Contra el tiempo, libro del fotógrafo quiteño Armando Salazar Larrea, centra su mirada en los lapsos previos al éxito deportivo: el entrenamiento, los descansos, las líneas de partida. Es un homenaje al tiempo en que los deportistas se detienen y piensan, por un momento, en las hazañas de su insistencia.

Los tiempos de la concentración.
Portada del libro.

El triunfo obvio no existe, no importa. En estas fotografías sobre distintos deportes —atletismo, gimnasia, box—, la celebración está ausente, suprimida. Para paladear las glorias estáticas o en replay están los periódicos, la televisión, las redes sociales. Ahí suelen enfocar las medallas mordidas, los brazos en V, los cuerpos rompiendo las cintas de llegada, los récords.

En Contra el tiempo, el segundo libro del fotógrafo y documentalista quiteño Armando Salazar Larrea, la mirada, en cambio, está en lo que sucede antes de la competencia: en los entrenamientos, los descansos, las líneas de partida. En los instantes después de que un jab, un levantamiento de pesas o una jugada, repetidas docenas, quizá cientos de veces, no salen como debieron haber salido: como los deportistas y los entrenadores anhelaban.

“Cuando empecé a ir a la Concentración Deportiva de Pichincha, en 2008”, dice Salazar, profesor del Colegio de Comunicación y Artes Contemporáneas de la Universidad San Francisco de Quito, con cuyo sello editorial —USFQ Press— se editó este libro en marzo de 2022, “vi que las pruebas deportivas no eran lo más interesante sino el cansancio, siempre el cansancio”.
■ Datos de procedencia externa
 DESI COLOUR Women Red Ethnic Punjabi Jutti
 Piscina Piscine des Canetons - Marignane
Concentración de los deportistas.

Pero en su búsqueda también apareció —desde un inicio y desde mucho antes de este proyecto— la concentración. La Concentración misma como un espacio arquitectónico ingente en el centro-norte de Quito, que lo cautivó desde sus años de estudiante en el colegio Cardenal Spellman (que antes quedaba cerca de ahí), y la concentración (in)quebrantable como un estado, una disciplina y una insistencia estoica para dominar una kata, la velocidad en la pista, un giro majestuoso en el aire o un solo de violín.
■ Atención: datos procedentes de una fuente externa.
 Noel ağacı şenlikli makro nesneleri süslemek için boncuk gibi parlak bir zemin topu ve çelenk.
En Preludio, su primer libro (publicado por el Instituto de Patrimonio Cultural del Municipio de Quito en 2016), Salazar también captó esa dedicación ensimismada y esa necedad entusiasta de músicos que se formaban en el Conservatorio Nacional de Música y que, casualmente, funcionaba cerca del colegio Spellman, entre las calles Madrid y Andalucía. El interés por fotografiar este tema surgió, también y primero por el lugar: “era un edificio nada adecuado para enseñar música, las paredes eran de tríplex. Era un laberinto muy descuidado, pero del que siempre, a toda hora, emanaba música”.
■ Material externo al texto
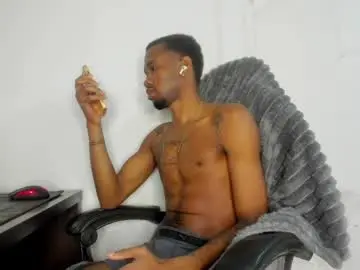 Chaturbate Sex Cam of kofi_exotic_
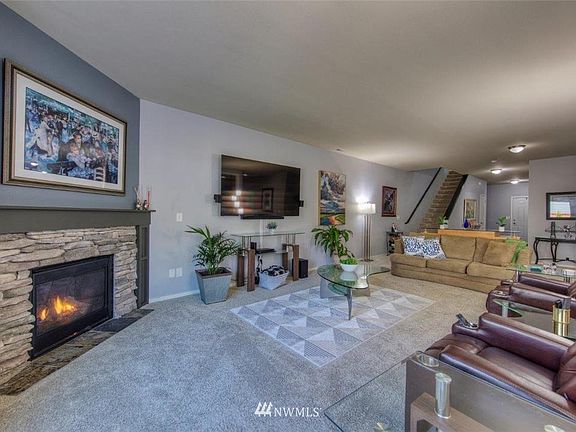 5th image of 18009 120th Street Ct E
Quienes entraban y salían de esas aulas, además, eran cuerpos parecidos a los que entraban y salían de las pistas, las canchas y las piscinas de la Concentración: cuerpos elásticos, vigorosos, en pleno brote fresco de su juventud.

¿Por qué esa fijación en los jóvenes?, le pregunto. “Es por el paso del tiempo”, dice Salazar, nacido en 1966. “Yo dejé de ser joven hace unos años atrás. Mentalmente te sientes joven, pero tu cuerpo es otro. Eso me pasó sobre todo con los deportistas: los veía y me decía: hace años quizá podía hacer algo parecido a eso, ahora ya no. He envejecido. Y uno a veces fotografía lo que ya no tiene: justo como no lo tengo, quiero verlo”.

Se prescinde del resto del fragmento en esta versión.